Lord Pentland gave short shrift (at para. 63) to the suggestion that the prospect of the Scottish Social Services Council (SSSC) – which regulates workers in the care sector – agreeing to register a worker notwithstanding a conviction was relevant to the issue. Employers would remain less likely to hire P because of the offence, even if the SSSC had registered him.
The (Potential) Fix
While noting that it is not for the court to devise a legally compliant scheme, Lord Pentland did observe that allowing for some degree of judgment or discretion, in cases like P’s where the absence of any rational connection between the offence and the proposed employment, “need not be unduly expensive, time-consuming, or resource-intensive” (para. 57).

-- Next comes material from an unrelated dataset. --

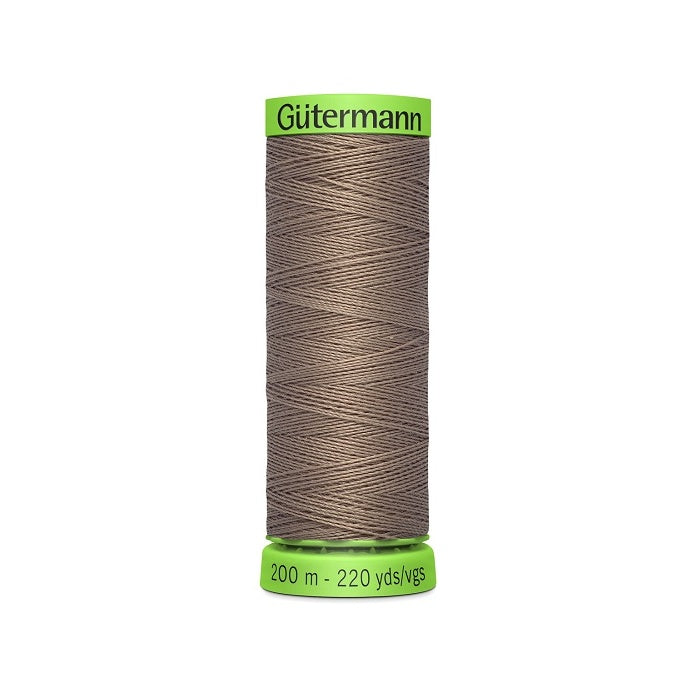 Spool of brown extra fine thread with Gutermann branding.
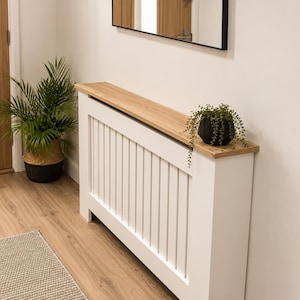May include: A white radiator cover featuring a vertical slat design and a light oak wood-toned top shelf. The cover is rectangular with a flat surface, providing a shelf for decorative items. The structure is clean-lined and functional.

The Scheme could in any event be subject to a cut-off date whereby any convictions such as P’s would not be automatically disclosed after the expiry of an appropriate period of time (or that could be limited to offences committed during the offender’s childhood). There could also be an appeal process on whether a conviction was relevant to the particular proposed employment.
Lord Pentland declared that, insofar as it required automatic disclosure of P’s conviction, the provisions contained in the Remedial Order unlawfully and unjustifiably interfered with P’s Article 8 rights, and so the Remedial Order itself was unlawful under section 57(2) of the Scotland Act 1998 (which prohibits the Scottish Government from making subordinate legislation which is incompatible with Convention rights).
It is not yet clear whether the decision will be appealed, but Lord Pentland noted other recent cases from England and Wales and from Northern Ireland that have found other Article 8 issues with the disclosure regimes there. It is therefore clear that the action taken following the Supreme Court’s decision in T has not resolved the judiciary’s concerns with the disclosure system. Further remedial action may therefore be necessary.
If the decision is not appealed, Lord Pentland will hear from the parties more fully on what they believe should happen next, including whether the effect of his decision should be suspended to give the Scottish Ministers an opportunity to consider whether to amend the PVG Scheme to resolve the identified defects. Any such efforts may focus on lewd and libidinous practices, given the Court’s concerns that the wide scope of that offence makes automatic disclosure inappropriate, though the other recent cases show that various issues can arise. Careful thought will therefore be required.
In the meantime, this ruling may introduce delays into the disclosure process (there were reports that up to 3,000 people were affected when the Disclosure Scotland scheme was suspended following the Supreme Court’s decision in T). Charities and others dependent on PVG clearances may therefore need to prepare for that. They will also need to be conscious that certain convictions may no longer appear on PVG certificates once these issues are resolved. As we noted when the Remedial Order was introduced, a significant delay in receiving a certificate may indicate the existence of a historic offence. Prospective employers should nevertheless be cautious about jumping to conclusions. Not least because section 4(3)(b) of the 1974 Act states that a spent conviction is not a proper ground for “dismissing or excluding a person from any office, profession, occupation or employment, or for prejudicing him in any way in any occupation or employment.”